Per tanti anni, in questa comunità parrocchiale, il diacono Gaetano è stato fedele e assiduo animatore dei Gruppi d’ascolto della Parola che seguiva con zelo, coordinando l’attività dei vari animatori e curandone anche la formazione spirituale. La prima lettura di oggi (1Cor 15,51-57) ci ha restituito il cuore stesso della Parola di Dio che è Gesù Cristo, crocifisso e risorto, Colui che ci dona la vittoria e la salvezza.

È Lui, infatti, il compimento pieno di quelle Scritture a cui Gaetano si è dedicato a lungo: “La morte è stata inghiottita nella vittoria. Dov’è, o morte, la tua vittoria? Dov’è, o morte, il tuo pungiglione? (…) Siano rese grazie a Dio, che ci dà la vittoria per mezzo del Signore nostro Gesù Cristo!” (1Cor 15,54-55.57).

Mi è stato poi detto che Gaetano era assiduo, con gli altri diaconi e i sacerdoti, a guidare l’adorazione eucaristica nella chiesa di S. Girolamo. Se vogliamo arrivare a comunità che celebrano bene, dobbiamo riscoprire l’adorazione e quando si celebra bene emerge la necessità di continuare nell’adorazione il momento celebrativo.

La Parola di Dio da ascoltare e proclamare e che diventa sacramento, l’Eucaristia da distribuire (è uno dei compiti del diacono), adorare e “vivere” sono fonti e riferimenti irrinunciabili per ogni cristiano e per il diacono in modo del tutto particolare, insieme alla fedeltà all’adorazione che aiuta a rendere il Signore l’Unico Necessario nella nostra vita, Colui che guida per “il giusto cammino”.

Nutriamo, quindi, fiducia in Lui sempre, secondo le parole del salmo 22 che oggi abbiamo ascoltato: “…non temo alcun male, perché tu sei con me. Il tuo bastone e il tuo vincastro mi danno sicurezza… Ungi di olio il mio capo; il mio calice trabocca. Sì, bontà e fedeltà mi saranno compagne tutti i giorni della mia vita, abiterò ancora nella casa del Signore per lunghi giorni“ (vv. 4-6).

Mi piace ricordare infine che Gaetano, originario della provincia di Salerno, era devotissimo alla Madonna di Pompei e molto fedele alla periodica recita della Supplica.

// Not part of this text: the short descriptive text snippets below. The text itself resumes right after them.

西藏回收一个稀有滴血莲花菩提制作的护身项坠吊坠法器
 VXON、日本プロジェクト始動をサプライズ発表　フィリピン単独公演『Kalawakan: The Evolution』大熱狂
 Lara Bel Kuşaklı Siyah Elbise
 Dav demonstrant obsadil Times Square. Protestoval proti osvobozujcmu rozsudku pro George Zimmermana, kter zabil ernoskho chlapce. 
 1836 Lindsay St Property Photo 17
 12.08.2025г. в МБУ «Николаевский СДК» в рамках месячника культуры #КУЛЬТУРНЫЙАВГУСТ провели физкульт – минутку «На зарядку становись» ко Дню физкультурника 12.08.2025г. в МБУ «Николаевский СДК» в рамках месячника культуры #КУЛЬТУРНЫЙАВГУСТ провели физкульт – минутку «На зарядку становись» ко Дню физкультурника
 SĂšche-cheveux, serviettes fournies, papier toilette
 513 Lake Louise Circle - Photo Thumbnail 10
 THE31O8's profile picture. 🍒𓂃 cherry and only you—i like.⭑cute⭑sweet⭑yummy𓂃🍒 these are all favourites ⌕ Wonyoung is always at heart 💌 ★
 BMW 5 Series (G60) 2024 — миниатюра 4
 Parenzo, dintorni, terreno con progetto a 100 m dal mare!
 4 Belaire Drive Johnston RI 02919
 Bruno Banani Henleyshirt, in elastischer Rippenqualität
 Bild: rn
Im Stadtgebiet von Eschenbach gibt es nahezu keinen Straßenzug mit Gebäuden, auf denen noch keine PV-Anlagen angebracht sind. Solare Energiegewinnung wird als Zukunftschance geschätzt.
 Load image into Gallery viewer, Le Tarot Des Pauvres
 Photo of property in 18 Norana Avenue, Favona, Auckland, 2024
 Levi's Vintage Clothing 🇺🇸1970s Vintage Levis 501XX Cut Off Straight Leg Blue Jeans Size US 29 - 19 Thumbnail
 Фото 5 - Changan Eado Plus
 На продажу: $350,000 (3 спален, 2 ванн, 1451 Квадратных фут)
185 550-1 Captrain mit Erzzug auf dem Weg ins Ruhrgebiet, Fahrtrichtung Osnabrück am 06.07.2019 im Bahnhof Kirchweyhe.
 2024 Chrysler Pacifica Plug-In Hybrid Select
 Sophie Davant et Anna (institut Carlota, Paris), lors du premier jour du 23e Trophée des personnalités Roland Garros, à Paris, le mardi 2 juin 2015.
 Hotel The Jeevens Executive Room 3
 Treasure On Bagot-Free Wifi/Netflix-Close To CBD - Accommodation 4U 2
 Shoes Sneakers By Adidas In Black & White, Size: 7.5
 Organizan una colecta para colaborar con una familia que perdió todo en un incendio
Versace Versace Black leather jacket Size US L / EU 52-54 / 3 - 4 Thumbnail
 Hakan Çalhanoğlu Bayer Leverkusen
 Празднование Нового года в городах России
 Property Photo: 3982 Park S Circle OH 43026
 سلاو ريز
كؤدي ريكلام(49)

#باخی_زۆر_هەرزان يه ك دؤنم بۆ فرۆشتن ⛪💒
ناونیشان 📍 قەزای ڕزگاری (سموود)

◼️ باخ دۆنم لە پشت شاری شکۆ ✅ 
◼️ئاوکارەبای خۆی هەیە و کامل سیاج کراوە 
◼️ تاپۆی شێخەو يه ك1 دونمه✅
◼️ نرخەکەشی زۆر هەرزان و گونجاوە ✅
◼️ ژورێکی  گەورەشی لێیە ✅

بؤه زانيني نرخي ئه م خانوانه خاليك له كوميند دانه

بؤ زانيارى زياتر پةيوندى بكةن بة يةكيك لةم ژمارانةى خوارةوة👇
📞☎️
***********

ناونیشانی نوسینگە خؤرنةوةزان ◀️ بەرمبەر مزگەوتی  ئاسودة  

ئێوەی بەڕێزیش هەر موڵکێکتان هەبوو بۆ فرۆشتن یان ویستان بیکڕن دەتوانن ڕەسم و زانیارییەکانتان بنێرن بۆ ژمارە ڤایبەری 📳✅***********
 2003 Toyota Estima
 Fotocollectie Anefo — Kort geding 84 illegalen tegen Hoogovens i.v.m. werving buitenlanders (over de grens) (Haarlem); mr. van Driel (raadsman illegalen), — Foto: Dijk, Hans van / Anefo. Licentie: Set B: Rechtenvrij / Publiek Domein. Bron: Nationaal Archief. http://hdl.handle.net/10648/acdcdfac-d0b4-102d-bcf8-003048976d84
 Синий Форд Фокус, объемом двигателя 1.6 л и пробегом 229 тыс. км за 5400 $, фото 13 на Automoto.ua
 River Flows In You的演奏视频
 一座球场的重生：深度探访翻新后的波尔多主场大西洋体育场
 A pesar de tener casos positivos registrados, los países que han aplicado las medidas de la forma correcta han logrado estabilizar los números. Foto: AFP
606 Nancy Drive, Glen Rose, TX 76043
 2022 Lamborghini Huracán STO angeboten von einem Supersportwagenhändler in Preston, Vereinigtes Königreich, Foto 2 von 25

Mentre rinnovo le condoglianze ai familiari, ai diaconi e a coloro che l’hanno conosciuto, assicuro la mia preghiera e, come Chiesa, affidiamo il diacono Gaetano all’intercessione di Colei che è “Madre nostra, nostra Avvocata, nostra speranza. E noi, gementi, stendiamo a te le mani supplichevoli, gridando: Misericordia! Misericordia per tutti, o Madre di Misericordia! (…) E noi confidiamo – continua la Supplica – pienamente in te, ci abbandoniamo come deboli figli tra le braccia della più tenera fra le madri, e, oggi stesso, da te aspettiamo le sospirate grazie (…) Concedi a tutti noi l’amore tuo costante e in modo speciale la materna benedizione (…) Tu ci sarai conforto nell’ora di agonia, a te l’ultimo bacio della vita che si spegne. E l’ultimo accento delle nostre labbra sarà il nome tuo soave, o Regina del Rosario di Pompei, o Madre nostra cara, o Rifugio dei peccatori, o Sovrana consolatrice dei mesti. Sii ovunque benedetta, oggi e sempre, in terra e in cielo”.

Che questa invocazione, così cara al nostro diacono Gaetano, possa avere riscontro e realizzarsi oggi per lui!